Bendito objecto non grato, que a desembaraçou das ataduras improvisadas pelo seu raptor. Acelerou o passo e correu até casa sem olhar para trás. O caminho era longo mas Marlene, enganava o cansaço com a sua obstinada vontade de fuga. Quando encontrou sua mãe, entretida no jardim de casa, só lhe apeteceu abraçá-la e ficar em segurança no seu colo, mas foi dissuadida pela má reacção da mãe à sua chegada. Eram recorrentes as suas implicâncias com os atrasos de Marlene para jantar. Só que desta vez não foram as passas que a atrasaram. Não valia a pena debater com a mãe suas razões. Ela iria encará-las como desculpas esfarrapadas para escapar dos castigos. Marlene, gramou com todos eles e sentiu em todos eles o desgosto de uma mãe movida pelo abandono. Até parecia que ela era culpada do seu estado de infelicidade. A mãe nunca a compreendeu e enquanto não apagasse o passado de amargura, jamais a compreenderia. Por isso aceitou mais um castigo e abafou o caso. Apenas sua melhor amiga soube do susto que viveu e até ela custou a acreditar. Comprometeu-se a revelar o segredo de Marlene, caso a amiga incorresse em perigo. Tal não foi necessário.
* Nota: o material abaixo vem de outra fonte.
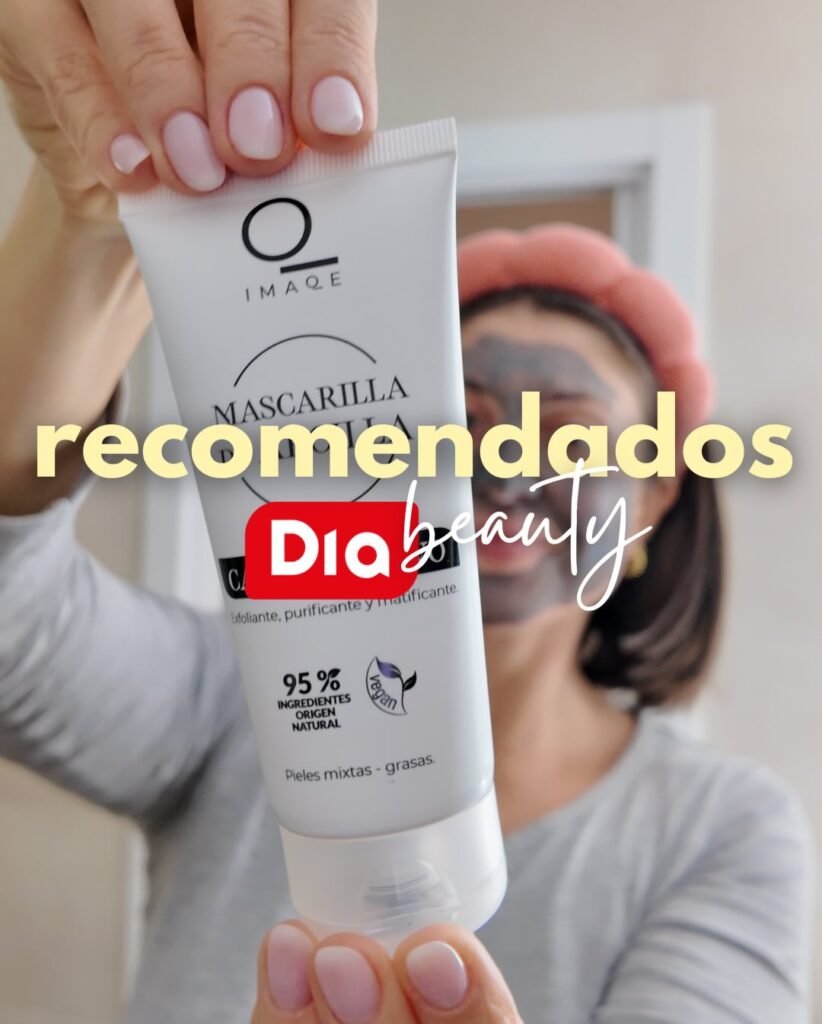Alba García Diez mostrando una mascarilla facial de la marca Dia Beauty mientras aplica el producto en su rostro.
Iládio, temendo ser desmascarado, saiu de casa dos seus pais e converteu-se à clausura dos padres beneditinos, sem nunca ter confessado seu maior pecado.
Samuel termina a sua pesquisa, fotografando o lugar de perdição dessas duas almas desencantadas com o amor. Uma com falta de amor e outra com excesso dele. Qual destes traumas causa mais transtorno? Esta será a questão que Samuel irá desenvolver na sua tese de apresentação sobre os Perigos do Amor nas suas múltiplas facetas, que dedicará ao seu preferido contador de histórias de sempre e também seu avô.